Before we begin, make sure you have an AssemblyAI account and an API key. You can sign up for an AssemblyAI account and get your API key from your dashboard.

Step-by-step instructions

First, install AssemblyAI’s Python SDK.

$pip install assemblyai
1ickstart
2import logging
3from datetime import datetime
4from typing import Type
5import assemblyai as aai
6from assemblyai.streaming.v3 import (
7 BeginEvent,
8 StreamingClient,
9 StreamingClientOptions,
10 StreamingError,
11 StreamingEvents,
12 StreamingParameters,
13 StreamingSessionParameters,
14 TerminationEvent,
15 TurnEvent,
16)
17api_key = "<YOUR_API_KEY>"

Implementing Speech Activity Checks

Our Streaming API emits a Turn Event each time speech is processed.

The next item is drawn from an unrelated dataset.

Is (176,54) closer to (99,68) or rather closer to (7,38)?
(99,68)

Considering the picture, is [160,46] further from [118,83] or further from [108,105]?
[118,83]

During periods of silence, no TurnEvent will be sent. You can use this behavior to detect inactivity and automatically terminate the session.

We can track the timestamp of the most recent non-empty transcript using a datetime. On every Turn Event, we:

  • Update the timestamp if meaningful speech is received

  • Check how many seconds have passed since the last valid transcript

  • If that exceeds your timeout (e.g. 5 seconds), terminate the session

Key Variables

1last_transcript_received = datetime.now()
2terminated = False

These are updated on every turn event.

Turn event logic

1def on_turn(self: Type[StreamingClient], event: TurnEvent):
2 global last_transcript_received, terminated
3
4 if terminated:
5 return
6
7 print(f"{event.transcript} ({event.end_of_turn})")
8
9 if event.transcript.strip():
10 last_transcript_received = datetime.now()
11
12 silence_duration = (datetime.now() - last_transcript_received).total_seconds()
13 if silence_duration > 5:
14 print("No transcription received in 5 seconds. Terminating session...")
15 self.disconnect(terminate=True)
16 terminated = True
17 return
18
19 if event.end_of_turn and not event.turn_is_formatted:
20 self.set_params(StreamingSessionParameters(format_turns=True))

This pattern ensures sessions are cleanly terminated after inactivity.

What You’ll Observe

  • Live transcription continues as long as there’s speech

  • After 5 seconds of silence, the session ends automatically

You can change the timeout value to suit your needs by modifying the silence_duration > 5 check.